Heute lecken sich die Parteigranden noch die Wunden von einer Woche Tag- und Nachtverhandlungen zur Verfassungsreform im Verfassungsausschuss. Vieles am Ergebnis gefällt vielen nicht. Auch bei der Mehrheit. Aber niemand von dieser getraut sich, dem Chef Renzi sein Spielzeug zu verderben. Die einst „schönste Verfassung der Welt“ (Roberto Benigni) wird bald dieses nicht mehr sein.
Morgen früh wird Renzi in der Kammer über sein Europäisches Halbjahr bilanzieren. Er wird es schönreden. In Wahrheit war es eine schwache Performance. Italien hat aus seinem Halbjahr Europa-Präsidentschaft wenig gemacht. Selbst innerhalb Renzis eigener Partei wird das so mehrheitlich so gesehen. Eine Resolution wird im Anschluss an Renzis Bericht vorgelegt werden. Ich habe es übernommen, sie im Plenum vorzustellen.
Morgen abends dann kommt die Verfassungsreform ins Plenum. Generaldebatte. Ich werde zur Reform – ich sage: Konterreform! – des Titels V. betreffend die Autonomie der Regionen sprechen. Es wird eine Abrechnung mit dem neuen Zentralismus werden.
Die Oppositionspartei versuchen mit Tausenden, ja Zehntausenden Abänderungsanträgen die Verabschiedung der „Reform“ in der von der Regierung geplanten Weise zu verhindern. Allein wir von Sel haben über 10.000 Abänderungsanträge in Stellung gebracht.

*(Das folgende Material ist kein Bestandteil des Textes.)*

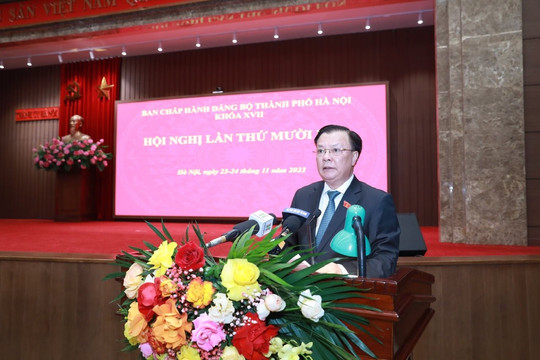 Bí thư Thành ủy Hà Nội Đinh Tiến Dũng: Năm 2023, Hà Nội đạt những kết quả quan trọng, toàn diện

Weiter behandelt wird das Reformwerk dann erst nach Dreikönig. Vorerst kommt es in den Freezer, denn noch vor Weihnachten muss das Stabilitätsgesetz zum zweiten Mal durch die Kammer. Es kommt wild zerfleddert aus dem Senat zurück. Übers Wochenende, und Montag-Dienstag, 22. Und 23. Dezember, soll es per Vertrauensvotum durch die Kammer gepeitscht werden. Dann vielleicht wird doch Weihnachten.